DMI Blog

Amy Traub

Holiday Reading

If you're anything like me, you're planning to spend some of your holiday downtime catching up on reading. It's wonderful to spend time with family and friends, but also nice to get a few hours alone, curled up with some inspiring new ideas - and engaging old ones - for the New Year. Allow me to make a few suggestions:

The Pitch for DMI: There's no better bargain than From Disaster to Diversity: What's Next for New York City's Economy? available for free download here. This volume - the Drum Major Institute's first foray into book publishing - is a collection of essays that features major voices from government, public policy, advocacy, and journalism presenting lively ideas and recommendations for the city's economic future. If you're depressed by the latest unemployment figures and wondering how they city's ever going to pull itself out, this is your must-read.

Favorite Report of the Year: As Research Director at the Drum Major Institute, I could never pick a favorite DMI report, but I have no trouble identifying the most powerful and compelling research brief I've read from another organization. That distinction goes to "Broken Laws, Unprotected Workers: Violations of Employment and Labor Laws in America's Cities," by a consortium of researchers from UCLA, the University of Illinois, and the National Employment Law Project. I'll admit it isn't cheerful holiday reading, but it is the necessary, research-based account of how the nation's low-wage workers are routinely cheated in the workplace. If nothing else, it gives us an urgent agenda for reform in 2010.

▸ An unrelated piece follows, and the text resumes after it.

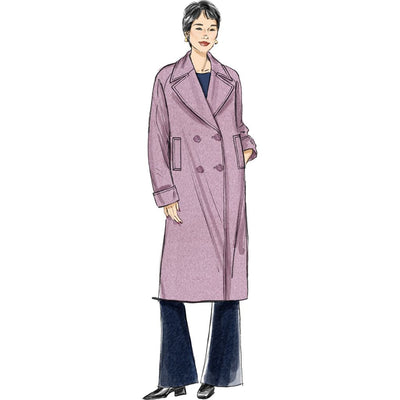 Butterick Pattern B7007 Misses Jacket and Coat 7007 Image 3 From Patternsandplains.com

Favorite Book of the Year: I highly recommend Andrea Batista Schlesinger's The Death of "Why?" which energetically probes how a culture addicted to easy answers can return to the type of genuine inquiry democracy requires. But I'll also suggest my favorite non-DMI book of the year, historian Kim Phillips-Fein's fascinating account of the rise of the pro-business Right, Invisible Hands: The Making of the Conservative Movement from the New Deal to Reagan. Key to Phillips-Fein's story is the establishment of right-wing think tanks like the Heritage Foundation and American Enterprise Institute, which provided (and continue to provide) the intellectual infrastructure to turn radical right-wing rhetoric into political reality. So, of course, there is a DMI connection: if you value us as a counterweight to these conservative idea factories, we'd welcome your year-end support.

Ammunition for Family Arguments: Finally, if you need to arm yourself at the last-minute for a heated holiday dinner conversation about exactly what caused the economic mess we're in, check out economist Joseph Stiglitz's quick, easy-to-follow "whodunit" of our national economic murder mystery (pdf)

Looking for more? DMI's 2009 Year in Review includes more recommended reading and slightly longer takes on those discussed above. Happy Holidays, and Happy Reading!